Nuevos planos y fotografías documentan la historia reciente del monumento histórico

La iglesia del monasterio de Santa Maria de Ripoll no es románica. Esto es algo sabido y experimentado en una simple visita, pero lo que se conocía menos es la historia del proceso que en el siglo XIX llevó, tras diversas polémicas y proyectos, a reinventar lo que podría haber sido la iglesia románica del abad Oliba a partir de un concepto más ideológico y sentimental que arqueológico. La especialista en arquitectura medieval Concepció Peig ha reconstruido las vicisitudes del monasterio con el objeto de determinar qué quedaba del original en el momento en que se optó por su reedificación.

Las aportaciones de Concepció Peig al conocimiento de la iglesia de Santa Maria de Ripoll permiten conocer de forma más exacta el estado del monasterio antes de la reconstrucción que ahora puede verse. Peig explica que ha encontrado varios planos inéditos en los que se aprecia de forma más clara el estado en que se hallaba el monasterio tras los años de abandono que sufrió después de la Desamortización de Mendizábal. Estos planos, aclara Peig, tampoco dan fe de la iglesia románica original, sino de la transformación que ésta había sufrido a mediados del siglo XIX para convertirla en una iglesia neoclásica, porque la historia de Ripoll, como la de muchos monasterios medievales, está plena de avatares y transformaciones que hacen difícil la lectura del edificio. El trabajo de Peig, profesora en la Universidad Internacional de Cataluña, forma parte de su tesis doctoral sobre Espacio y función en la arquitectura catalana de los siglos X-XI, que aún no está presentada, si bien en el 23º Curso sobre Intervención en el Patrimonio Arquitectónico, que se celebró a mediados del pasado mes de diciembre en el Colegio de Arquitectos de Cataluña, y que en esta ocasión se centró en los monasterios, presentó una ponencia sobre las intervenciones que sufrió Ripoll en el siglo XIX.

Reconstrucción simbólica

Aunque la primera iglesia del monasterio fue consagrada en el año 888, el referente actual y el que dominó en la reconstrucción es la ampliación que el abad Oliba realizó en 1032, una iglesia de cinco naves y siete ábsides, ya que era aquélla la que simbolizaba el momento de máximo esplendor del monasterio y, a su vez, del nacimiento de Cataluña. Pero la iglesia del abad Oliba había sufrido otras transformaciones. La más importante fue la nueva portalada, del siglo XIII, que, junto al claustro y la torre, ha logrado sobrevivir hasta hoy.
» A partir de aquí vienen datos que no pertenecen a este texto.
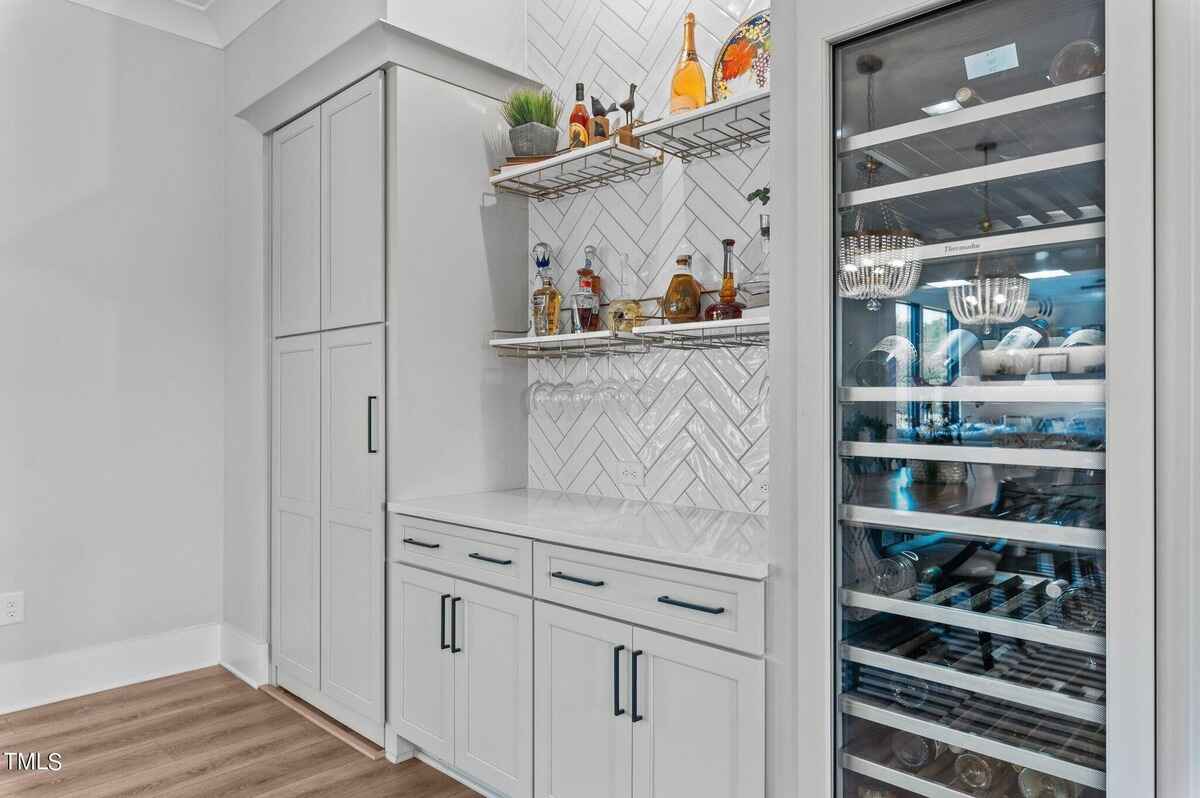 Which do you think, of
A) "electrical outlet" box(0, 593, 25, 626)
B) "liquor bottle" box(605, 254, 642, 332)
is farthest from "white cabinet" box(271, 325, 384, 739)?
"electrical outlet" box(0, 593, 25, 626)

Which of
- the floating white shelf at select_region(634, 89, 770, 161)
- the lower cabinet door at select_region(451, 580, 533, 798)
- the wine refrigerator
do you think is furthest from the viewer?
the lower cabinet door at select_region(451, 580, 533, 798)

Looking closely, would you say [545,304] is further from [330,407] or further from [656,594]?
[656,594]

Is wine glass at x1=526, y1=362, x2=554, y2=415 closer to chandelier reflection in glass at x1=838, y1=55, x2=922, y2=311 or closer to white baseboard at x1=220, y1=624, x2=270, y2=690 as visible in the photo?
chandelier reflection in glass at x1=838, y1=55, x2=922, y2=311

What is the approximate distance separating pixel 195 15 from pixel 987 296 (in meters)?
3.68

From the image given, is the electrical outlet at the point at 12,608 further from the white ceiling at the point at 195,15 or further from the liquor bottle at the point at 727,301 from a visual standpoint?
the liquor bottle at the point at 727,301

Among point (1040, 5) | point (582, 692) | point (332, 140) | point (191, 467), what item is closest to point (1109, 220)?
point (1040, 5)

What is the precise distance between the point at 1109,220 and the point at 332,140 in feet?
8.70

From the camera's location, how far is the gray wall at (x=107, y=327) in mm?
3115

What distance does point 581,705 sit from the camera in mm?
2021

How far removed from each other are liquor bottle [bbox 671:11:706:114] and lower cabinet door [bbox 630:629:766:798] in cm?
151

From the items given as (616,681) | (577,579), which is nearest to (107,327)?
(577,579)

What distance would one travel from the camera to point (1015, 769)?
142 centimetres

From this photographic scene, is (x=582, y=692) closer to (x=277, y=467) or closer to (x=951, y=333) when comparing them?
(x=951, y=333)

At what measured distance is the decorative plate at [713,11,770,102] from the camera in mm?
2170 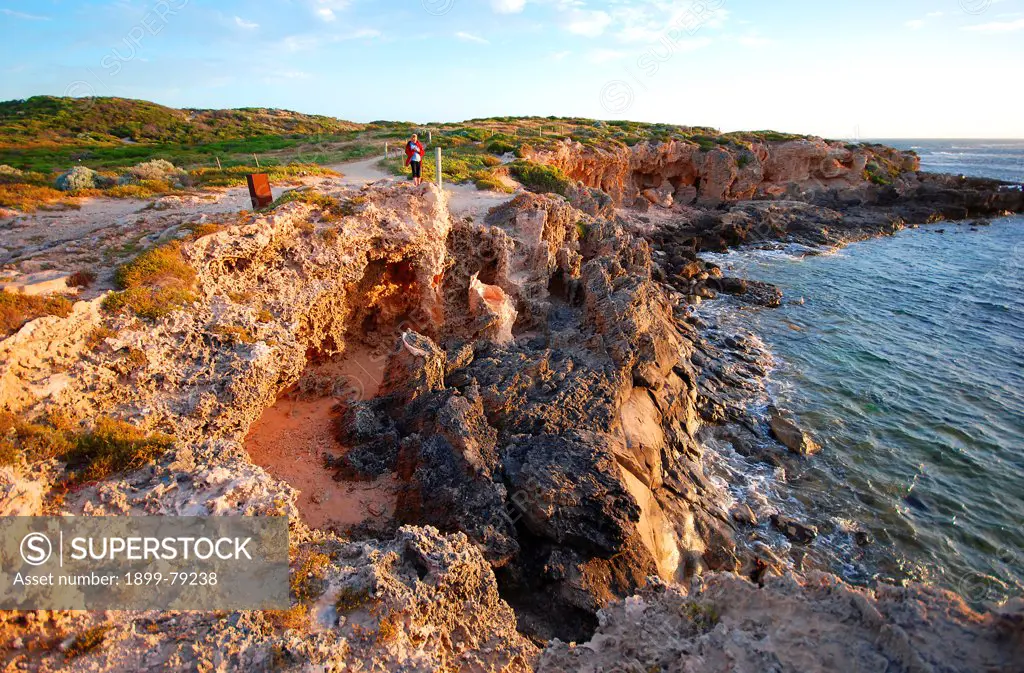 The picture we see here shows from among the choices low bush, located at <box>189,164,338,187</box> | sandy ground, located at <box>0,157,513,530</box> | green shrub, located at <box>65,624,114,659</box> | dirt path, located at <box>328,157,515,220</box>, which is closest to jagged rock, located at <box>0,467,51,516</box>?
green shrub, located at <box>65,624,114,659</box>

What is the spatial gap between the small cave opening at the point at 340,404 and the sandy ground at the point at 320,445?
0.06ft

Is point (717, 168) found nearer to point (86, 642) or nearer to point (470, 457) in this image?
point (470, 457)

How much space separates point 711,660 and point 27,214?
71.8ft

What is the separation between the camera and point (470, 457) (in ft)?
32.6

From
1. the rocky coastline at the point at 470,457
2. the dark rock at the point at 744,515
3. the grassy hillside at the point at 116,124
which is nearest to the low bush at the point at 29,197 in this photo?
the rocky coastline at the point at 470,457

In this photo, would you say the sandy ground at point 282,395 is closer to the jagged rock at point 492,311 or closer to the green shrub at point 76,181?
the green shrub at point 76,181

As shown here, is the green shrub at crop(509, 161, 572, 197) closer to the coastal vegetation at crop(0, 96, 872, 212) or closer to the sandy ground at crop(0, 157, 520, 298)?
the coastal vegetation at crop(0, 96, 872, 212)

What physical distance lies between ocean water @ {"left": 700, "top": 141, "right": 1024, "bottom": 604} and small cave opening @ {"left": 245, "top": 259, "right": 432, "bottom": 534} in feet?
37.3

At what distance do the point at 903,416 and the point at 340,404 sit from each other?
2105cm

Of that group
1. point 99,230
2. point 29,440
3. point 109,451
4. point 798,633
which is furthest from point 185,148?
point 798,633

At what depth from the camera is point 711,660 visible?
4.76 meters

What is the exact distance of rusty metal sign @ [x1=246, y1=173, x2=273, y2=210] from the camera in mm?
13906

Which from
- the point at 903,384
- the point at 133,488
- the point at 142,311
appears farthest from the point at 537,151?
the point at 133,488

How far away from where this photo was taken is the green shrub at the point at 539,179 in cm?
2834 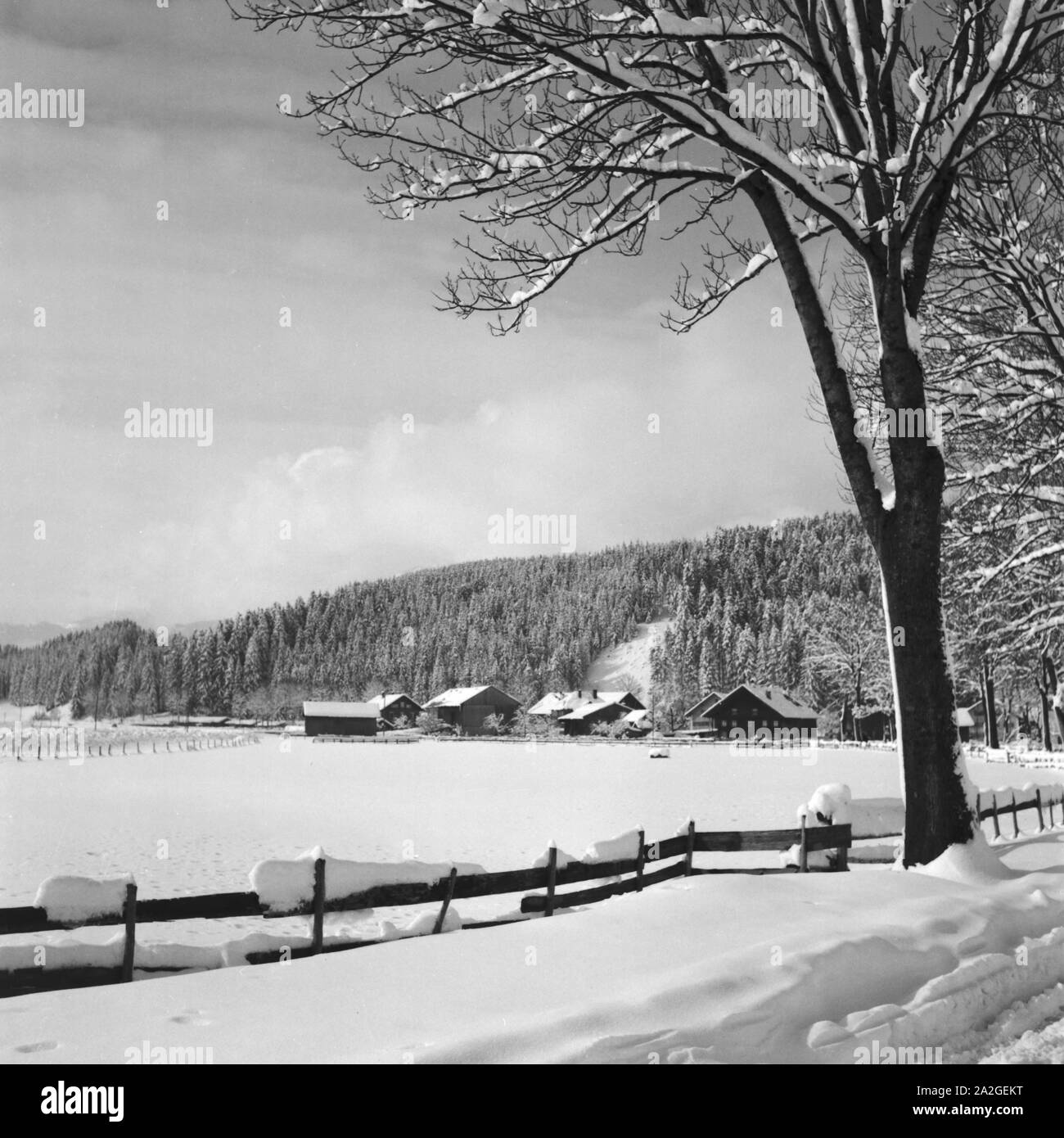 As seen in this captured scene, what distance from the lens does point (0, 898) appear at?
13836 millimetres

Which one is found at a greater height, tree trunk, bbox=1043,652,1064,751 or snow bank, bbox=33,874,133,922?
snow bank, bbox=33,874,133,922

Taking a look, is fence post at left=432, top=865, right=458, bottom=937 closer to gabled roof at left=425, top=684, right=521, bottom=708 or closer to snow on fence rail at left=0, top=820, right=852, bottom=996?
snow on fence rail at left=0, top=820, right=852, bottom=996

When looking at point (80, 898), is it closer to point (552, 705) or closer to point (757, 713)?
point (757, 713)

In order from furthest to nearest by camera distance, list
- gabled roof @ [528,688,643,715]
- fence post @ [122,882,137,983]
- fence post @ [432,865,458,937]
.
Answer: gabled roof @ [528,688,643,715] < fence post @ [432,865,458,937] < fence post @ [122,882,137,983]

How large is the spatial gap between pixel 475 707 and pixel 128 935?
122 meters

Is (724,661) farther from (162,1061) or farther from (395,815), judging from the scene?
(162,1061)

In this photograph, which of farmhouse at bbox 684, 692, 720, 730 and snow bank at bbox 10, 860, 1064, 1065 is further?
farmhouse at bbox 684, 692, 720, 730

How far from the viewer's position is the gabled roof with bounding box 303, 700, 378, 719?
11550 centimetres

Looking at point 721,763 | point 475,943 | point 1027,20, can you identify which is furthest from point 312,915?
point 721,763

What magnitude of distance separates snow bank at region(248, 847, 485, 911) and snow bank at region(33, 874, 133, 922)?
0.91 m

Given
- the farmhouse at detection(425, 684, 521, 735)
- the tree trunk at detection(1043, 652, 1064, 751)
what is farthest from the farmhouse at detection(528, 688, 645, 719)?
the tree trunk at detection(1043, 652, 1064, 751)

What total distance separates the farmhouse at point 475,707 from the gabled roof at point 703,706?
2434 centimetres

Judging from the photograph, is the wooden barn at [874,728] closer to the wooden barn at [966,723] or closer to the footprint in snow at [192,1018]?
the wooden barn at [966,723]

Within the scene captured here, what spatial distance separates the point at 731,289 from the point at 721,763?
47.4 m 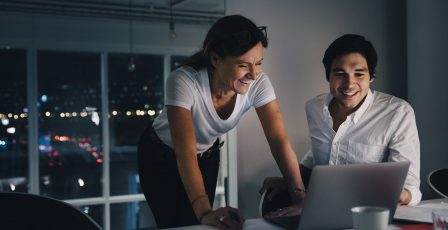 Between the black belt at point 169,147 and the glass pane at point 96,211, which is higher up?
the black belt at point 169,147

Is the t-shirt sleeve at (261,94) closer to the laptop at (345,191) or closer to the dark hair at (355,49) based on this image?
the dark hair at (355,49)

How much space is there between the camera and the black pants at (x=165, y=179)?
6.43 ft

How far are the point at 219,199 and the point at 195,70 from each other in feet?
16.8

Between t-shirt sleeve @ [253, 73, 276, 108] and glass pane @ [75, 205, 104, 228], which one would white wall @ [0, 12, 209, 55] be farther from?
t-shirt sleeve @ [253, 73, 276, 108]

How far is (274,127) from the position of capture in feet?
6.21

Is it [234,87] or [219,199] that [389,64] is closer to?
[234,87]

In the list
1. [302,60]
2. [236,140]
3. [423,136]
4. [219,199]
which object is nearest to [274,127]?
[236,140]

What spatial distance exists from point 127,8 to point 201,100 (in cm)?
571

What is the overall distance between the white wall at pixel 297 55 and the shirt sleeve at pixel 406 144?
47.4 inches

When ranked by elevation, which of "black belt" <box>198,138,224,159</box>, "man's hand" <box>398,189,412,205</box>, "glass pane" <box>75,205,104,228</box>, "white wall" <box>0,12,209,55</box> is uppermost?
"white wall" <box>0,12,209,55</box>

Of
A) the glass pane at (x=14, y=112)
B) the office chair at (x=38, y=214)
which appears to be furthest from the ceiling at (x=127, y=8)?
the office chair at (x=38, y=214)

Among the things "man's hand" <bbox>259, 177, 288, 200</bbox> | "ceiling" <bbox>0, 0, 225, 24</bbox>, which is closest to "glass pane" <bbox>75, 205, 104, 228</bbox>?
"ceiling" <bbox>0, 0, 225, 24</bbox>

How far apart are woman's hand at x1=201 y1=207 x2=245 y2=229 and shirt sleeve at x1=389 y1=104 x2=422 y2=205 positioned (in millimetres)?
A: 782

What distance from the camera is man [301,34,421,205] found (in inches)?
79.2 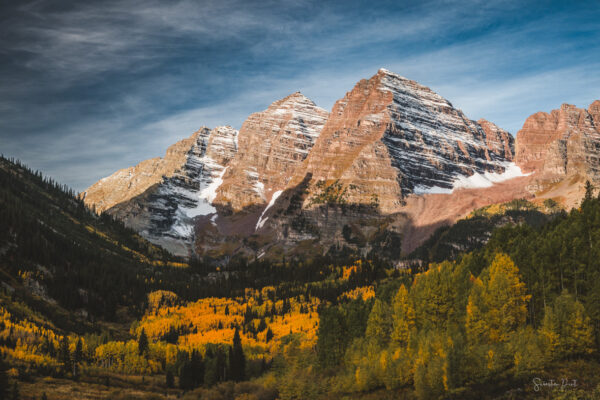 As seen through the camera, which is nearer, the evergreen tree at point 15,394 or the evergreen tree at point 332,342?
the evergreen tree at point 15,394

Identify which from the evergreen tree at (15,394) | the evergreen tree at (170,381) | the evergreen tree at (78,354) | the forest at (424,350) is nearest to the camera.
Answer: the forest at (424,350)

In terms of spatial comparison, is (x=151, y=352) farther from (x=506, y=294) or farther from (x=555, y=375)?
(x=555, y=375)

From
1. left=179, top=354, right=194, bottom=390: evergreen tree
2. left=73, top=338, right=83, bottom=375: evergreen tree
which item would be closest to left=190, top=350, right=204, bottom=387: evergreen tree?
left=179, top=354, right=194, bottom=390: evergreen tree

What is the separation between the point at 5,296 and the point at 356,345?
136572 millimetres

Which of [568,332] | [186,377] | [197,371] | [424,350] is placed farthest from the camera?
[197,371]

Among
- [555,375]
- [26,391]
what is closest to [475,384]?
[555,375]

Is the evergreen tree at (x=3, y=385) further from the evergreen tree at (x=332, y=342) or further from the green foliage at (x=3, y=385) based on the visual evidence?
the evergreen tree at (x=332, y=342)

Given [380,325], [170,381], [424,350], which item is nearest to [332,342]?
[380,325]

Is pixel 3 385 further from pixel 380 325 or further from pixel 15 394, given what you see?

Hasta el siglo XIX la iglesia fue adaptándose a las modas del momento con diferentes detalles decorativos, pero sin que hubiera cambios de estructura. La intervención más discutida fue la que el arquitecto Josep Moretó i Codina realizó entre 1826 y 1830, en la que, al igual que hizo en la catedral de Vic, intentó reconvertir Santa Maria de Ripoll en una iglesia neoclásica. Moretó intervino en la estructura de la iglesia y la transformó en una iglesia de tres naves. Su reforma no duró mucho. En 1835 se publicó el famoso Decreto de Mendizábal y el monasterio dejó de ser un edificio monástico para pasar a ser propiedad del Estado. Las guerras carlistas, que tuvieron uno de su epicentro en Vic, tampoco colaboraron en la conservación del monasterio. Durante la primera fue incendiado y saqueado, y durante varios años sirvió como polvorín y caballerizas del Ejército, además de cantera para buena parte de la comarca.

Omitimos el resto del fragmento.